Kurt pressionou lentamente o gatilho até metade, tão vagarosamente que nem a experiência de Hawkes o deixou arriscar qualquer acção, tal era a iminência da morte - estava hipnotizado pelo cano da arma, sem que nada acontecesse, haveria sequer aviso? Contou um, dois... era agora - Como uma cascavel, de súbito removeu o dedo e deu dois passos para a frente, apoderando-se da pistola caída. O doce triunfo humilhante era todo seu e o velho ajoelhou-se em resignação. O calor da noite estava cada vez mais frio.

"Os amigos escondidos no mato. A pontaria certeira. O pensar fulminante e as pernas ágeis. Ganhaste mesmo antes de teres pisado este chão. Que queres mais?"

 "Entre goles de óleo, o Tommy Crow espirrou o teu nome. Bem, na verdade foi qualquer coisa como Elrod, mas eu percebi a ligação. Portanto, a minha pergunta é: Porque diabo andas tu a tentar caçar um elefante quando nem sequer consegues apanhar o rato nas tuas costas? És só estúpido ou estás mesmo com eles?"

"Digo o quê agora? Posso dizer tudo. Na verdade, quero é que te ..das..."

"Vais ser morto com a tua arma, no meio do bando que nunca conseguiste erradicar e dentro de um dia ou dois apanham o chibo na tua equipa, enquanto o Comanche se ri. Não tens a ponta de orgulho?!"

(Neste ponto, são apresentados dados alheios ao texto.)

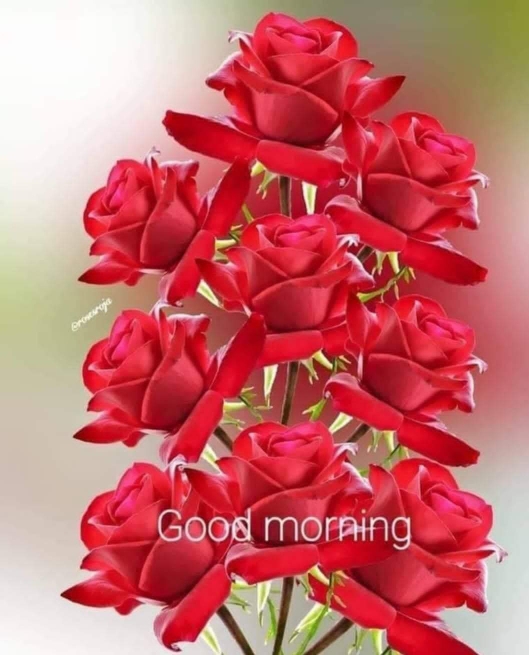 ARVIND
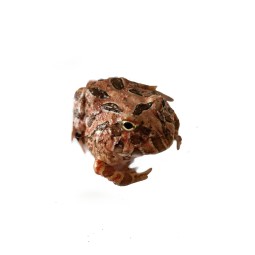 Żaba rogata (Ceratophrys...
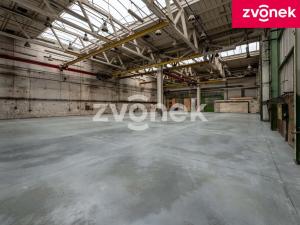 Pronájem výrobních prostor, Holešov, Samostatnost, 945 m2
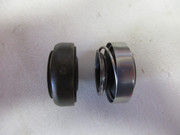 IMG-4817.jpg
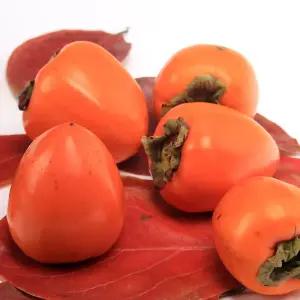 가정용 대봉감 10kg(31-55과 혼합사이즈) 흠과 대봉 홍시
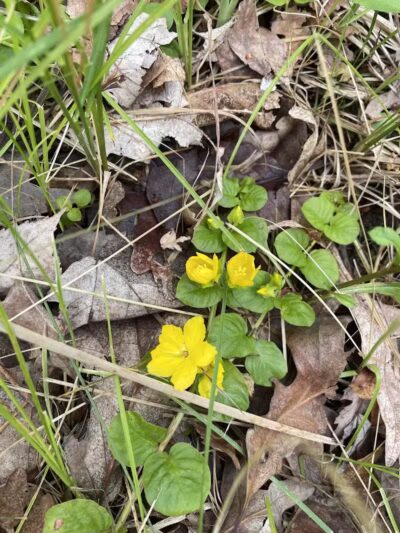 Bassett Park - Flint, MI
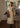 Ethereal Ivory Beige Vintage Shirring Dress(2COLOR)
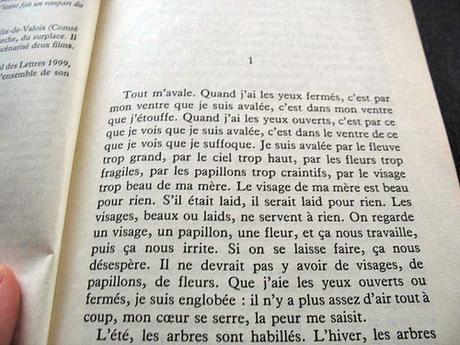 L'Avalée Des Avalées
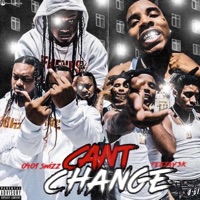 Cant Change (feat. Teejay3k) - Single - 0401 Swizz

"Diabos me fo...! Acho que vamos ter de chegar a uma espécie de acordo..." sorriu Thomas Hawkes maliciosamente, enquanto Stone baixava as armas.


2 comentários:

Dexter disse...

Bem, li os dois de seguida e tive que voltar atrás para apanhar o fio à meada, já que não escrevias há algum tempo.

Mais uma vez, gostei do registo, como tem sido teu apanágio. Desta vez nem o duelo faltou ;)

Luís disse...

Thanks! Foi um capítulo de ligação, visto que a última parte vai ser mais corrida. Era engraçado ter estes dois personagens a defrontarem-se, mas não queria ter mais uma cena de acção só por ter. A ideia foi dar mais significado e menos estilo.